Hacking For The Greater Good: Miami Coders Are Getting Schooled In Politics
A group of computer developers and designers are gearing up for three months of training in preparation for a nationally observed day of innovation. But the team at Code for Miami isn’t brushing up on their computer programming skills.
Code for Miami is inviting the public to a lecture series about how to engage in local politics. The Miami Civic Series is scheduled to start Monday, July 24 at the Cambridge Innovation Center — a launch pad for some of the Miami’s most promising startups.
The series will tackle topics such as the creation of laws, ways that citizens can interact with elected officials, Miami’s founding, history and constitution.
Anyone who wishes to improve Miami is welcome to attend and mingle with members of the Code for Miami team, many of whom call themselves “civic hackers.”
What exactly is a civic hacker and what does a civic hacker do? Civic hackers are designers, developers, data scientists, urbanists and community organizers who contribute their talents toward improving the way the community interacts with local government by advocating for open data and using it to create apps and shared resources.

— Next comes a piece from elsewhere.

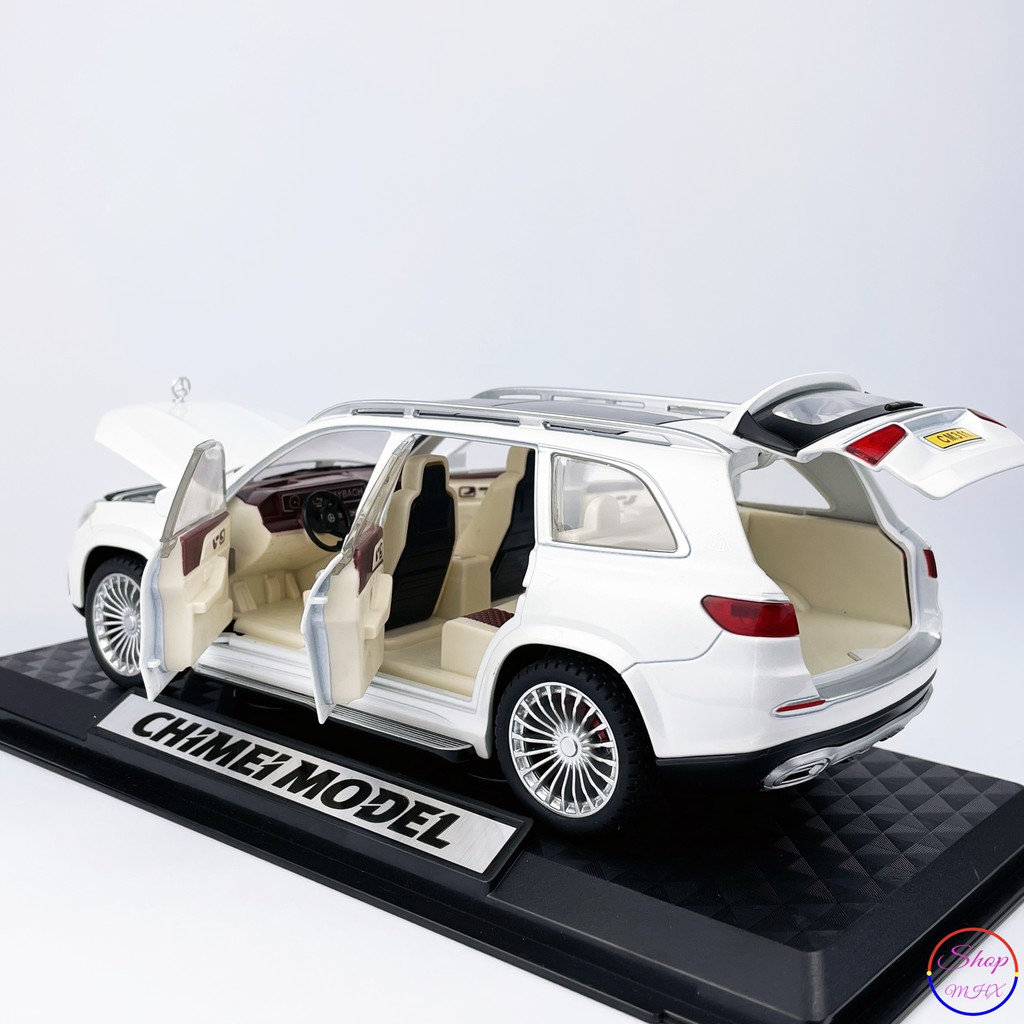 Xe mô hình sắt Mercedes Maybach GLS600 TẶNG KÈM BIỂN SỐ tỉ lệ 1:24 CHIMEI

Event organizer Danielle Ungermann acknowledges that the term “hacker” is often perceived as someone who is looking to do harm.
Code for Miami seeks to do the opposite. With projects such as the Miami Graph, which is a visual representation of Miami-Dade County’s 100-page budget, Code for Miami is constantly trying to bridge the gap between local governments and the people they serve.
“You’re seeing a need and filling it,” Ungermann said. “Hack is just to alter something. Civic is doing it for the greater good.”
To continue to make improvements, Ungermann felt it was important to ensure that the Code for Miami team had a wealth of knowledge. So she made her own hack: The Miami Civic Series. Her hope is that it will inspire civic engagement, even for those who have no computer skills.
“The civic series is an answer not only to Code for Miami but to the larger public in general for people who want to make a difference (by) informing citizens and making them stronger stakeholders in their community,” Ungermann said.
The Miami Civic Series will open with a talk by guest speaker Maggie Fernandez, a former member of Miami-Dade County government and president of a socially-conscious consulting group called Sustainable Miami.
The six-part series will lead up to National Day of Civic Hacking on Sept. 23. Last year, groups across the United States teamed up with Code for America to create mobile apps that improve the application process for food stamps, affordable housing, victim compensation and business licenses. Code for America is a national network alliance of community organizers, developers, and designers putting tech to work in service of local communities.
This year National Day of Civic Hacking will bring new challenges. But Ungermann thinks the Miami Civic Series will create a community ready to put its new knowledge to the test.
“It’s our hope that with this series and National Day of Civic Hacking that we can activate attendees to inspire those around them to come up with social good solutions to community problems,” Ungermann said. “Anyone can be a part of change. Anyone can make a difference.”